Semoga kita ditakdirkan menjadi ulama mujtahidin yang ikhlas beramal dengan
ilmu-ilmu yang kita dapatkan. Amin.
II.
Pembahasan
1.
A.
Klasifikasi dan Definisi Musytarak
Musytarak secara etimologi dari kata syirkah
atau syarikah yang artinya percampuran dua komponen.[5] Sebelum penulis
menjelaskan definisi musytarak secara terminologi, perlu diketahui bahwa lafal
musytarak itu ada dua macam, yaitu musytarak lafzhi dan ma’nawi. [6]
a.
Musytarak Lafzhi adalah lafal yang diletakkan untuk menunjukan dua
makna atau lebih. Contohnya lafal (العين) yang
memiliki makna mata kepala, matahari, mata air, mata-mata, barang dagangan, dan
emas.[7] Dr. Muhammad Zaki Abdul
Barr memberikan perbedaan antara musytarak dan ‘amm. Lafal ‘amm itu mencakup
semua afradnya namun dengan satu makna, tapi musytarak dengan macam-macam arti.

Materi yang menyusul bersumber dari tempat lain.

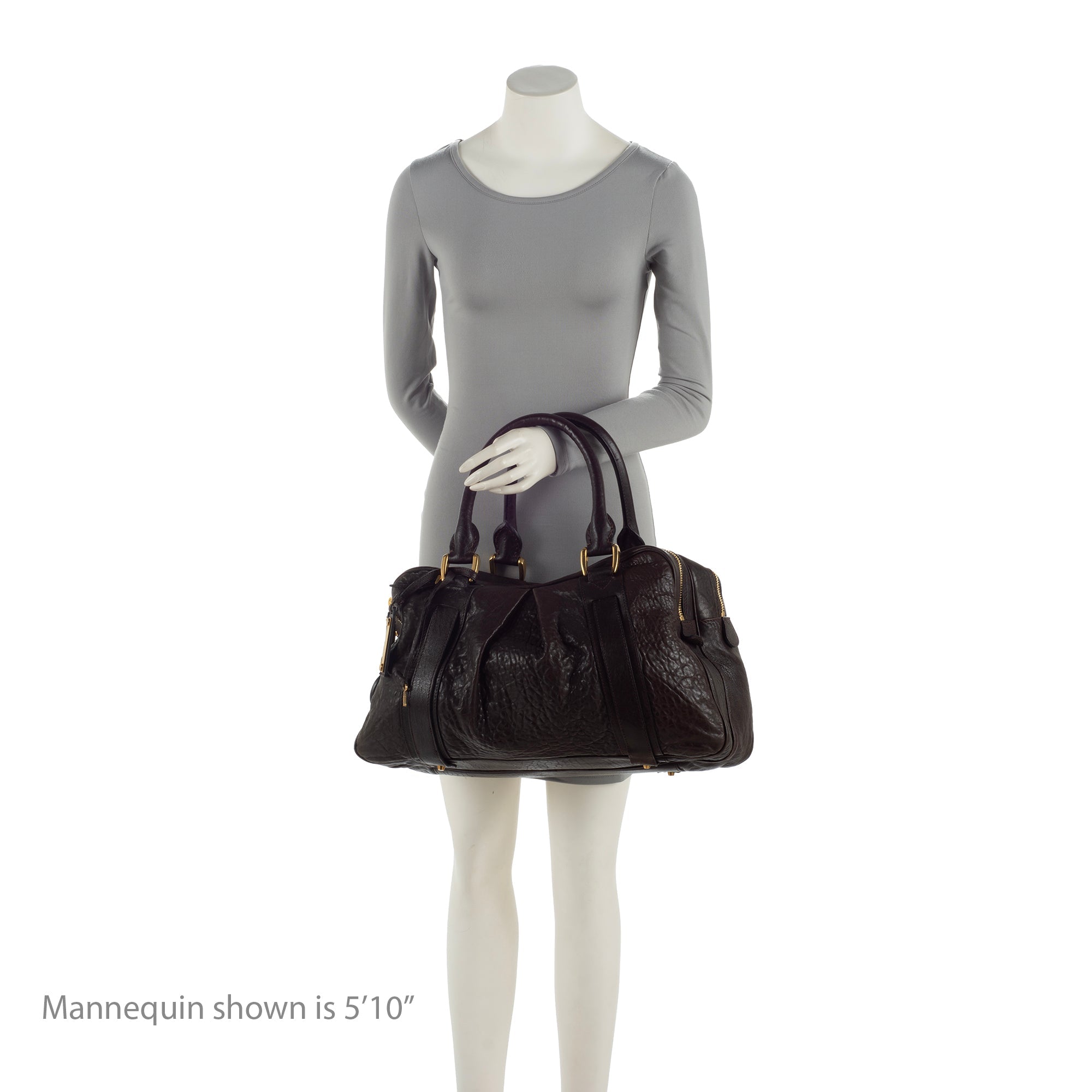 Burberry Leather Ashbury Double Zip Large Bowling Bag (SHF-23880)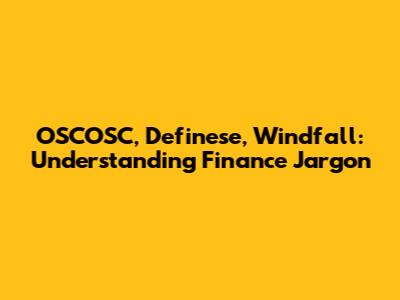 OSCOSC, Definese, Windfall: Understanding Finance Jargon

Sedangkan perbedaannya dengan lafal muthlak adalah kalau musytarak itu umum dan
tidak diketahui mana yang dimaksud kecuali yang berbicara, sedangkan muthlak
itu baik yang bicara atau pendengar itu tidak tahu mana yang diinginkan.[8]
b. Musytarak
ma’nawi adalah
lafal yang diletakkan untuk menunjukan qadrun musytarak (titik temu) di
atas arti lafal itu.[9] Contohnya lafal manusia,
lafal ini diletakkan untuk menunjukan dan mencakup semua makhluk hidup yang
layak dinamakan manusia baik laki-laki atau perempuan. Lafal manusia mencakup
Anam, Sari, Fahruddin dan lain-lain. Di antara dua macam musytarak ini, musytarak
lafzhilah yang akan kita bahas.
B.
Sebab-sebab
Munculnya Lafal Musytarak
Lafal
musytarak tidak muncul begitu saja, namun ada faktor-faktor yang
menjadikan sebuah lafal menjadi musytarak. Di antara faktor-faktor
tersebut adalah;[10]
1. Perbedaan
peletakkan dari masing-masing kabilah Arab.
Terkadang
ada satu kata yang setiap kabilah meletakkannya untuk arti tertentu berbeda
dengan kabilah lain di Arab. Misalkan kabilah Quraisy meletakan kata العين untuk arti mata kepala, kemudian kabilah
Hudzail justru meletakkannya untuk arti mata air dan seterusnya.
2. Perkembangan
makna dalam pemakaian lafal itu.
Terkadang
ada satu lafal diletakkan untuk menunjukan dua arti, dan ini yang disebut juga
musytarak ma’nawi. Kemudian orang-orang lupa akan arti asal dari lafal itu
sehingga generasi berikutnya menyangka bahwa lafal itu termasuk dari macam
lafal musytarak lafzhi. Misalnya kata al-maula yang diletakkan untuk arti
penolong kemudian mengalami penyempitan makna menjadi musytarak lafzhi yang
artinya budak dan majikan/tuan.
3. Sering
berganti-ganti arti antara arti yang hakikat (asal) dan yang majaz.
Misalnya
jika ada lafal yang dipakai sebagai arti majaz namun karena sering dipakai
sehingga terkenal dan seolah menjadi arti hakikatnya.
4. Sering
berganti-ganti antara arti aslinya (hakikat) dan arti secara istilah urf.
Sebuah
lafal yang asalnya diletakkan untuk arti tertentu kemudian dalam pengertian
istilah urf dipakai untuk arti lain, sehingga menyababkan percampuran makna
dalam satu kata ini.
C.
Hukum
(Penunjukan makna) Musytarak
Sudah penulis bahas di atas bahwa
kata musytarak memiliki makna lebih dari satu, jika dalam al-Qur’an atau
Hadis menyebutkan kata musytarak, maka arti manakah yang harus kita ambil?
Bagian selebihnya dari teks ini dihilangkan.